By Auxiliary Bishop Joseph Ha Chi-shing, OFM
Hong Kong’s latest emigration wave is still increasing, even two to three years after it started. Some commentators say that it may continue for several more years! According to government statistics, in the three years between 2019 and 2021, there was a net migration of more than 130,000 people from Hong Kong, but in the first quarter of 2022 alone, it was more than 140,000. Needless to say, many of your friends and relatives may also be among them. From the popularity of recent international emigration seminars, overseas property exhibitions, and so on, we know many people indeed want to leave Hong Kong.
The number of Catholics who have left is not small. They may not be in the tens of thousands, but at least several thousand. How did they decide to leave? What is the role of faith in their choice to leave or stay? Or did faith play any role?
I have given several talks on emigration and faith and could feel the deep struggles of many brothers and sisters, and I have realised that both those who choose to leave and those who stay face worries, anxieties and insecurity. Of course, the two decisions are not the same. If decisions are made out of faith, then they must be made for happy and positive reasons, namely, love, rather than for negative reasons like escaping, or out of frustration and fear. Not that these factors cannot be present, but they should not be the main ones.
For example, people can choose to emigrate because they love their children and want to choose a suitable environment for them to grow up in, or they choose to stay because they love their elderly parents and want to take care of them in their old age. Of course, sometimes there may be conflicts and tensions among the different choices of love, and this requires a good deal of discernment with a prayerful and open heart so that they can sensitively listen to the guidance of God, who may give them a hint, primarily through their family members. They also must honestly look at themselves, including their abilities and minds. If married, they must respect their spouse by communicating well and reaching a consensus before taking action.

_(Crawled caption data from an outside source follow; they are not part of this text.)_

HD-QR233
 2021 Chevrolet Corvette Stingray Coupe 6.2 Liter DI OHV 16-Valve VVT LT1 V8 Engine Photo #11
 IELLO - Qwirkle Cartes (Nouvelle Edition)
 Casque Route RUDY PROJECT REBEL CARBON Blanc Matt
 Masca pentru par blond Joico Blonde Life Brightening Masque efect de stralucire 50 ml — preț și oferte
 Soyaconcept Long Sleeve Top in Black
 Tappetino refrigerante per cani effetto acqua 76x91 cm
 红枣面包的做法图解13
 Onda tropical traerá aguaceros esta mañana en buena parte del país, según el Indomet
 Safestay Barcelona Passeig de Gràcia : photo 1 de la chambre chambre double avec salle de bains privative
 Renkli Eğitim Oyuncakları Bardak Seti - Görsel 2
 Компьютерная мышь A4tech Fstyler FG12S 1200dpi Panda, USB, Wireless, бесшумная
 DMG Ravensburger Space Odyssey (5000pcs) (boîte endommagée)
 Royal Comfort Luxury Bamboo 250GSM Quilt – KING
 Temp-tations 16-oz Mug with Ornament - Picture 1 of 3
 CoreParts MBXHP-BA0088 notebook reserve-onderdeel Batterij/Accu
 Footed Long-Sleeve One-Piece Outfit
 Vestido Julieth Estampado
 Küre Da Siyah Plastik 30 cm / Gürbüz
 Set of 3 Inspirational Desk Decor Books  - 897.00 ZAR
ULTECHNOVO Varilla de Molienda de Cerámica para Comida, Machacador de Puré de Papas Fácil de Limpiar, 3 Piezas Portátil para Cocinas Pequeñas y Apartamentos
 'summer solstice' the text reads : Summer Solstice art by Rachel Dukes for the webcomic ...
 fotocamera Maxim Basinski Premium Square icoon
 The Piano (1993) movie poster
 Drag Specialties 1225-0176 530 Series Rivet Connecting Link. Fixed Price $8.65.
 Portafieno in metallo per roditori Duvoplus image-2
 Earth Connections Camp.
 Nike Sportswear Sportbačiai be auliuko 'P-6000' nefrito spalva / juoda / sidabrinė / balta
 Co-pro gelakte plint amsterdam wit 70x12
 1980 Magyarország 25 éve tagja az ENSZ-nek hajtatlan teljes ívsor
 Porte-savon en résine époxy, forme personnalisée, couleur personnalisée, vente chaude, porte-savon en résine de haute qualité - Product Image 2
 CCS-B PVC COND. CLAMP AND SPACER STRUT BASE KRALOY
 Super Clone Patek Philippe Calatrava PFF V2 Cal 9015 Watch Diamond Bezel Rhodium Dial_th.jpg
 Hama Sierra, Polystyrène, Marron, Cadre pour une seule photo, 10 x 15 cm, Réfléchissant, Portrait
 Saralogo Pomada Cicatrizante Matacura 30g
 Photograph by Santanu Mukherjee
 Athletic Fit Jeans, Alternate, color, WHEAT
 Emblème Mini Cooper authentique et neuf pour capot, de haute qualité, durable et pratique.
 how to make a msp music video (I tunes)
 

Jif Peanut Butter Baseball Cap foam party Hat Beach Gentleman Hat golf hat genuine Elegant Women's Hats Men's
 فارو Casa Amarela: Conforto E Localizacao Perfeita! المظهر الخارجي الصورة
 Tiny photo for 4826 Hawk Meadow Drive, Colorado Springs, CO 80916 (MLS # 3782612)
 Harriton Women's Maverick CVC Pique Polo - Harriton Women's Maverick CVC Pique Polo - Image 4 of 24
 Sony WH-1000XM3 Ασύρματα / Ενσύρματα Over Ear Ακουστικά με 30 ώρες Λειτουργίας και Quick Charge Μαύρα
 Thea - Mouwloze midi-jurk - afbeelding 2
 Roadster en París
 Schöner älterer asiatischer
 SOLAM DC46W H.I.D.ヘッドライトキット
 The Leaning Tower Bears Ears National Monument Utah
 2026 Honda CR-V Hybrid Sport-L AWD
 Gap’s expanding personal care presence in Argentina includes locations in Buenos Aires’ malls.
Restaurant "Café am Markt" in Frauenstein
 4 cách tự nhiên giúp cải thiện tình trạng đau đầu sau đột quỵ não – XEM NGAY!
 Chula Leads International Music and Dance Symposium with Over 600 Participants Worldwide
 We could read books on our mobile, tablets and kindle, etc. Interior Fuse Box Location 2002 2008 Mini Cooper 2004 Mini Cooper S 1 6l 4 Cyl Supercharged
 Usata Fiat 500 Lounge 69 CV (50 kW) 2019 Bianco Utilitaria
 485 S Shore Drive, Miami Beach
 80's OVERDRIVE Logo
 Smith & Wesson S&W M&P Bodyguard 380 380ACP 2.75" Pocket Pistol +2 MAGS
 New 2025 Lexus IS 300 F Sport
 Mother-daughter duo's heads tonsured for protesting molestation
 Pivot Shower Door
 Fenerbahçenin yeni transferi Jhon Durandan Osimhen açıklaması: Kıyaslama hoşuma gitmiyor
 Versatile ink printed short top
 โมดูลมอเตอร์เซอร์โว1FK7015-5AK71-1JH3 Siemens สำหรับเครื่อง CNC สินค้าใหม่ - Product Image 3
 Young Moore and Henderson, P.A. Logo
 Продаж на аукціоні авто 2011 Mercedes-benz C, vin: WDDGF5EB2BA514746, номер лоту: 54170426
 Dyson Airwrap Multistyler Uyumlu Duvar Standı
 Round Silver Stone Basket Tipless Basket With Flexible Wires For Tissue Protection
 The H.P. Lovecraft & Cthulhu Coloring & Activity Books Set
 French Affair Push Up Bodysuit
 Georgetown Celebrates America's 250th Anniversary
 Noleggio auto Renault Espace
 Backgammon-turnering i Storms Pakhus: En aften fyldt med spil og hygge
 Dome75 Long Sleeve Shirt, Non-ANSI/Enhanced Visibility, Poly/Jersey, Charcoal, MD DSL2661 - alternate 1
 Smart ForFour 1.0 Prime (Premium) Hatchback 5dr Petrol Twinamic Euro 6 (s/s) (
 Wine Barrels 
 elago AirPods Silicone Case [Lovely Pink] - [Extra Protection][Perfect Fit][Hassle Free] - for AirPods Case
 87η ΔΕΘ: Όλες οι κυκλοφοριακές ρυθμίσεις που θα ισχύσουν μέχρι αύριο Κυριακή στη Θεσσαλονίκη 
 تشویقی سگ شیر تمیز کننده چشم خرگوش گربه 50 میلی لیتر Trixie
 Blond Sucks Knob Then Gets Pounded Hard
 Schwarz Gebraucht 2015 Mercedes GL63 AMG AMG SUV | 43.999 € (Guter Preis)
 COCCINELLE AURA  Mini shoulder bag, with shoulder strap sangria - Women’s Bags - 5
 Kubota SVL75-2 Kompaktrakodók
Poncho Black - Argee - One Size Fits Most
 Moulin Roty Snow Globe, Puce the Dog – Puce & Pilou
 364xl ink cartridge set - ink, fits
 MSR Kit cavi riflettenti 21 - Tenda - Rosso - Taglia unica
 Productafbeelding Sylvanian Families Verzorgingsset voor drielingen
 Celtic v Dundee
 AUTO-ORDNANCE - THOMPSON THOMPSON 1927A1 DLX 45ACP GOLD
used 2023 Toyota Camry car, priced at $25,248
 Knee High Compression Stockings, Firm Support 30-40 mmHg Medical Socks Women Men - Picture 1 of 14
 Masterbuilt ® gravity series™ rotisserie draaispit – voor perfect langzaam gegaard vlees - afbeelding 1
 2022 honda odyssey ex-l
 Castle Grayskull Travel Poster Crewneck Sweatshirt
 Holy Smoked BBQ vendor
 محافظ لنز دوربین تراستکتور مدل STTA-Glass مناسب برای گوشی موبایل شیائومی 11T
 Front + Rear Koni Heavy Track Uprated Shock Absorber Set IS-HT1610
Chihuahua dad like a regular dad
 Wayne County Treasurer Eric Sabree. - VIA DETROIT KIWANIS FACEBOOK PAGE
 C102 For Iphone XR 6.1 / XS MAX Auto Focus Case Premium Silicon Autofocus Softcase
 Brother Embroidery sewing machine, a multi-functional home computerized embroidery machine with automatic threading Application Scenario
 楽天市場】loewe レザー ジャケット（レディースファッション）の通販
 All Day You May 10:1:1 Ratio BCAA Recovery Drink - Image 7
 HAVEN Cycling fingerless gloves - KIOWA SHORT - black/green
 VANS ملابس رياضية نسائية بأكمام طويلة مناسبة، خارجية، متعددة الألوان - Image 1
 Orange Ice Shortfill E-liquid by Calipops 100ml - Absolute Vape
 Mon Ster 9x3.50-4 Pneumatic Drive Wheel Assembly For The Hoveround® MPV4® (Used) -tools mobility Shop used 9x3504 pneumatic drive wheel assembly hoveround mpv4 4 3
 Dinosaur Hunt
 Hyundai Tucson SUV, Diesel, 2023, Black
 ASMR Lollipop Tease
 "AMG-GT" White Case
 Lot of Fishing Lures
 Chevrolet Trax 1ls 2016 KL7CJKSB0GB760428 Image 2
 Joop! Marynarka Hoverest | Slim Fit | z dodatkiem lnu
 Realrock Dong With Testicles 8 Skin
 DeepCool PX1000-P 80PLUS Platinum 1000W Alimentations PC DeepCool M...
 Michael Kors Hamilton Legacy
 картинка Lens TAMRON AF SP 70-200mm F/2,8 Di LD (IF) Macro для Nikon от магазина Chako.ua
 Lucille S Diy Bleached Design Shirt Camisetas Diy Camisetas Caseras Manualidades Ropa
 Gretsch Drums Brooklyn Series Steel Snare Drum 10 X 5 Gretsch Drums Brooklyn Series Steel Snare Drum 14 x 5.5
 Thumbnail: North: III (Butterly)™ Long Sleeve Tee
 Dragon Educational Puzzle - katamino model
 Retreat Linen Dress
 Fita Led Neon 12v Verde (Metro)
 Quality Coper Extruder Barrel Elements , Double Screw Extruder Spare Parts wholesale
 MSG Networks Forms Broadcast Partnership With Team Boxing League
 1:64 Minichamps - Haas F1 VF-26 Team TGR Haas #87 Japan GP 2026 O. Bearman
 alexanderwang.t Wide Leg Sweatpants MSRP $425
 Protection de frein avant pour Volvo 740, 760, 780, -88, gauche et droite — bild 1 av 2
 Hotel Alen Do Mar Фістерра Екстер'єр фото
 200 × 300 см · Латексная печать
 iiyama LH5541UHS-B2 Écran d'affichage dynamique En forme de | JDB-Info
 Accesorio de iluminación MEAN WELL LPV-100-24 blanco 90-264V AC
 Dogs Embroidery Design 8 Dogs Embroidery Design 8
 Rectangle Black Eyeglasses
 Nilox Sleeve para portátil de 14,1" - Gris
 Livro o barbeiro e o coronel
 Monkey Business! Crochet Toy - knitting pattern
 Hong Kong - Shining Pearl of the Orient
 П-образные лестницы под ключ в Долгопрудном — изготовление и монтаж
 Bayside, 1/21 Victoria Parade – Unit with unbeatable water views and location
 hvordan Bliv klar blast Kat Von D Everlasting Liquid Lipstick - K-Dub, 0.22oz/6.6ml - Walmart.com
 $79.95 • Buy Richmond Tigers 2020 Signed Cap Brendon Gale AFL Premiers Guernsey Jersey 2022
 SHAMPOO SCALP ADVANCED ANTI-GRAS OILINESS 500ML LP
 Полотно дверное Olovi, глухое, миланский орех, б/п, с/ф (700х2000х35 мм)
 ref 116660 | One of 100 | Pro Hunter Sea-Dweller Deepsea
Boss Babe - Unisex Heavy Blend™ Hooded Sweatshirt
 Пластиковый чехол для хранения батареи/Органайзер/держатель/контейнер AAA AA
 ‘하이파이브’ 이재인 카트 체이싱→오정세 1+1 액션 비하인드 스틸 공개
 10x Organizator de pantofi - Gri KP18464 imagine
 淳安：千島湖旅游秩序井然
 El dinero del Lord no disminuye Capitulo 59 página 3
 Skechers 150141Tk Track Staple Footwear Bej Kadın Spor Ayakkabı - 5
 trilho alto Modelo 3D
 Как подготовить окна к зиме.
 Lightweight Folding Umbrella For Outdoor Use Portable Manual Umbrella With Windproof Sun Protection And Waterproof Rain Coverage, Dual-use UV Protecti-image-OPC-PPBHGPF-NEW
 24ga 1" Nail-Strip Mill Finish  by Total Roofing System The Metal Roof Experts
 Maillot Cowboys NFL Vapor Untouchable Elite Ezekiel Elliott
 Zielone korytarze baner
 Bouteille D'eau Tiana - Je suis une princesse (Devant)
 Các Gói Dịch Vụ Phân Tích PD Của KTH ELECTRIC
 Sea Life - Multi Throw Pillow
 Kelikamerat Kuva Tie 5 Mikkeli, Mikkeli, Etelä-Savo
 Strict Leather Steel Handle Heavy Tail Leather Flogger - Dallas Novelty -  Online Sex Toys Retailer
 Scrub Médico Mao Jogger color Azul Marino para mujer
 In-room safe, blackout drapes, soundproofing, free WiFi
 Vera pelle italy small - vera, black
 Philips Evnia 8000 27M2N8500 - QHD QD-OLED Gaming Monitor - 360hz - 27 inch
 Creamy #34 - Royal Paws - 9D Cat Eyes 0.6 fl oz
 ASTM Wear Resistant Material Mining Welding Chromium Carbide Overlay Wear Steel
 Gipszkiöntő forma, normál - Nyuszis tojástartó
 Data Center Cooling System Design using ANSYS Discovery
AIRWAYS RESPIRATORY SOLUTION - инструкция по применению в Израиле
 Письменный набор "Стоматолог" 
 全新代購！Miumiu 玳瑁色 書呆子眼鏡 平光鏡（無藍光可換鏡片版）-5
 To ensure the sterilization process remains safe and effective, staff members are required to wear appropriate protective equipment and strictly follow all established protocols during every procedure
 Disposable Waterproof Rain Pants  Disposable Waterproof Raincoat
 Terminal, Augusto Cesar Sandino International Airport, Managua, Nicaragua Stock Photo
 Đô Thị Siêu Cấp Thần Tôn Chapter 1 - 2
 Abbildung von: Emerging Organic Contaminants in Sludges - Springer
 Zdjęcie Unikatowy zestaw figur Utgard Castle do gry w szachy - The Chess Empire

In any case, out of our faith, we should learn from Jesus Christ and live thoroughly in love. Christians should make decisions for positive reasons wherever they are and whatever they do, for only in this way can we have the impetus to move forward and the meaning of our lives. On the contrary, decisions made out of negativity can never make us feel joyful or motivated. In other words, we either leave with a mission, or we stay with a mission. What is the mission? It is to testify to the love of God in ourselves wherever we are. I want to encourage you with the following scripture passage:
“…all were scattered throughout the countryside of Judea and Samaria, except the apostles … Now those who had been scattered went about preaching the word” [Acts 8:1, 4].